The reclassification results in an incredible assertion: that the most important public mobile service of our time is classified under statute as a private mobile service. This paper asks: what led the expert agency to conclude that the public Internet is not part of the public switched network, and that mobile broadband Internet access service is a private mobile service?
The Order asserts that its reclassification is justified as a reinterpretation of relevant statute, and is bolstered by its reinterpretation of relevant precedent from Congress and the FCC. However, the Order is very limited in its consideration of precedent, and its discussion and understanding of the relevant technology is almost nonexistent.
In this paper, we first analyze the relevant precedent from Congress, the FCC, and the courts from the 1940s through 2017. We then analyze the reclassification of mobile broadband Internet access service in the Order.

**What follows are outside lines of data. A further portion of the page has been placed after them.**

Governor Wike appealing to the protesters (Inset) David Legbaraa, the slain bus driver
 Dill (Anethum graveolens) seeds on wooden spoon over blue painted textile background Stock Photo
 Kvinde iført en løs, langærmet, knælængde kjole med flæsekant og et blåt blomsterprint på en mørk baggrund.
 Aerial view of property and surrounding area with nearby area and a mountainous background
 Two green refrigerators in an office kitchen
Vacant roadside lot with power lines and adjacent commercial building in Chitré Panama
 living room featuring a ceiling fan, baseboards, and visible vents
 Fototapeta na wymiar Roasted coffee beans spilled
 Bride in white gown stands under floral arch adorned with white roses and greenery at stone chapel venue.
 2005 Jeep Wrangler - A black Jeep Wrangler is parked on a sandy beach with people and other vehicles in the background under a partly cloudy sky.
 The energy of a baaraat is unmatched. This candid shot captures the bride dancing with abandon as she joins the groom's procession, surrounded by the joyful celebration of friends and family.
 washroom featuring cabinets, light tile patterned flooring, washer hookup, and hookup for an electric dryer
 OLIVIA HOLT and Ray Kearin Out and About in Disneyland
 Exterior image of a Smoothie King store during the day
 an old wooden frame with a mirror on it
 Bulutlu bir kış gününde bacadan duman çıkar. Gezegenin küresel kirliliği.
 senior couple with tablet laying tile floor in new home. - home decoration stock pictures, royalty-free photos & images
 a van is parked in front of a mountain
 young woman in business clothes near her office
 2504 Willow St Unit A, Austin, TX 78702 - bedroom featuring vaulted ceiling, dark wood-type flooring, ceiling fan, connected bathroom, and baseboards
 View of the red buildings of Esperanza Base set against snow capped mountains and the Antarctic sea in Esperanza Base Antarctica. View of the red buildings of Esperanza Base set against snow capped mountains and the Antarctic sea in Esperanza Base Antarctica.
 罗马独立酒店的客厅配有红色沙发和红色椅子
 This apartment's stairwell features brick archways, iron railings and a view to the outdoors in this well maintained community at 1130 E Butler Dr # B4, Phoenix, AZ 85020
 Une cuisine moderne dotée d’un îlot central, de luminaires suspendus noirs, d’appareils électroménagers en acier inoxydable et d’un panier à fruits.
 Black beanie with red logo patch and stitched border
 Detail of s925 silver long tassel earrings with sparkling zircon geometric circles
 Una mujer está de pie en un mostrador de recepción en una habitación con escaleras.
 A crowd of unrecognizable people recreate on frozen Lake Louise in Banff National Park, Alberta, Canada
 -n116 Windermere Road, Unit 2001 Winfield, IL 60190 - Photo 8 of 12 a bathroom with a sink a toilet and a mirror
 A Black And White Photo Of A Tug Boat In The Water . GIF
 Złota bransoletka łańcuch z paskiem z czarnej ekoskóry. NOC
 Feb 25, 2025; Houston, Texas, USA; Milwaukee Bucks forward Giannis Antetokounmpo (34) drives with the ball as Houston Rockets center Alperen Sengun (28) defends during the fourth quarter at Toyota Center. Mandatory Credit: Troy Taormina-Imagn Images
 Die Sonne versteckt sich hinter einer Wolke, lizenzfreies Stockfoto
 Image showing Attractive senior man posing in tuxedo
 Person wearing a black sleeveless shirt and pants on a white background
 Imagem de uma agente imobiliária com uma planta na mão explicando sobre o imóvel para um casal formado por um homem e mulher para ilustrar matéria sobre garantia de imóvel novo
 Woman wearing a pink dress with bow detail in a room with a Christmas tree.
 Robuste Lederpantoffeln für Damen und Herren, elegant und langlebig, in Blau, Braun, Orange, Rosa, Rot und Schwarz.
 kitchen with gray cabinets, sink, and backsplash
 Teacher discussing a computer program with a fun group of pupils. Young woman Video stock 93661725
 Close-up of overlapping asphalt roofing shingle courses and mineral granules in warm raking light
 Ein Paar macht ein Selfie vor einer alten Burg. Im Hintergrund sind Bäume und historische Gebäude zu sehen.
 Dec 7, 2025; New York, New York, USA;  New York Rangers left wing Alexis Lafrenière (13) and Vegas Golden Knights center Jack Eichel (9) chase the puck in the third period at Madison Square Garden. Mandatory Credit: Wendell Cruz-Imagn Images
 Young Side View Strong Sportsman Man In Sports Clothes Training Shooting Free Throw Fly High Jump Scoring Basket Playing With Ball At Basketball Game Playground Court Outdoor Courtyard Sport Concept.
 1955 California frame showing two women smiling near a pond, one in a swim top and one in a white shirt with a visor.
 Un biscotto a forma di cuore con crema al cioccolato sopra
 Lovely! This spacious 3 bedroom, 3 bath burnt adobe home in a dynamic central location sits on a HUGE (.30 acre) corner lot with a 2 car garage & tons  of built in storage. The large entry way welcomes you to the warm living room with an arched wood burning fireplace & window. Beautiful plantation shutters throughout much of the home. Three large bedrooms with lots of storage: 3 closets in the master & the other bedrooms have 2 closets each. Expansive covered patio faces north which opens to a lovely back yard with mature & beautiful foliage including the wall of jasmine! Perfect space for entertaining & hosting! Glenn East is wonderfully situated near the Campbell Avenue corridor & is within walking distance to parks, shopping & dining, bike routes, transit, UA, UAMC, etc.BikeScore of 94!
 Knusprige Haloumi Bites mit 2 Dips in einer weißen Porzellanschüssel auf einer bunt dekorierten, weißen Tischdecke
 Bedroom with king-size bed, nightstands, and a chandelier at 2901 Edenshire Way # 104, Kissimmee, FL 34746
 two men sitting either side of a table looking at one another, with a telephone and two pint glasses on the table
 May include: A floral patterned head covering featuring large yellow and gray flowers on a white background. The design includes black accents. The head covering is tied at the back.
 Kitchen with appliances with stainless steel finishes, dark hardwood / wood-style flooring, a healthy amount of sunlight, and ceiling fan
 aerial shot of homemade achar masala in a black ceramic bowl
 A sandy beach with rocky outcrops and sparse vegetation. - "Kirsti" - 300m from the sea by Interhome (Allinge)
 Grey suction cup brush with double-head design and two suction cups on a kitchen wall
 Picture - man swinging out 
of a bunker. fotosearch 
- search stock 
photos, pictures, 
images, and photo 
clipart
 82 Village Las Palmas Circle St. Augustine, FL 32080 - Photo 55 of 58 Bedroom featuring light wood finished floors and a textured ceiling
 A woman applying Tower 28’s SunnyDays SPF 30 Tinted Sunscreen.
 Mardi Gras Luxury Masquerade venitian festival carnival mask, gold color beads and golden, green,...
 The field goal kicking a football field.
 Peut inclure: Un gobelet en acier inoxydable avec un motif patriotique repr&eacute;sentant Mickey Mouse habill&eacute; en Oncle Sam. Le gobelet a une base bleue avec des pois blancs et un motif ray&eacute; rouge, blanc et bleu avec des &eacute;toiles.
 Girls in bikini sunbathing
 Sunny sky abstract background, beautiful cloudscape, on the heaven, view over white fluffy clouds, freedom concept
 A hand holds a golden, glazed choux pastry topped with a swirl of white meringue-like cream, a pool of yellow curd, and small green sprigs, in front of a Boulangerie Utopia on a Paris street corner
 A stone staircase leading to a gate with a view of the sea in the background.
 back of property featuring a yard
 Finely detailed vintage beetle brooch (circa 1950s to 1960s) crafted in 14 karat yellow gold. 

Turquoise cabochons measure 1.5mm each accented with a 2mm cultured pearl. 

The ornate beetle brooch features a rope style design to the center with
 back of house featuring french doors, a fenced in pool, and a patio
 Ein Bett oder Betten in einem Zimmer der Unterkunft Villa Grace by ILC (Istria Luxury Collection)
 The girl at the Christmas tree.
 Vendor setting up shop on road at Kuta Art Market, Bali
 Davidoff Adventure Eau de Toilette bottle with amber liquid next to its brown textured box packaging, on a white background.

We find that the Restoring Internet Freedom Order’s lack of consideration of the relevant precedent and technology from the 1940s through the 1980s undermines its interpretation of the 1993 statute on which it relies. We further find that proper consideration of precedent and technology would lead to the opposite conclusion. In particular, we find that the Order’s reversion to the 1994 definitions of public switched network and interconnected service ignores the growth of the public switched network to include the Internet, and is thereby contrary to both statute and precedent. We also find that the Order’s conclusion that the public switched telephone network and the Internet are separate non-interconnected networks is factually wrong, on the basis of PSTN and Internet architecture. Critically, we find that the Order’s justification for reclassification ignores the fact that in order for meaningful communication to occur, the users’ devices and subscribed services must be compatible. This fact, which has formed the basis for many decades of statute and precedent, undermines the Order’s statutory interpretation.
Finally, we find that a proper interpretation of relevant statute and precedent leads to the opposite conclusion of the Order, and that mobile broadband Internet access service is a commercial mobile service. Consequently, we find that statute mandates that mobile broadband Internet access service be classified as a commercial mobile service and regulated as a common carrier service. This finding lays the foundation for reinstatement of net neutrality protections on mobile broadband service.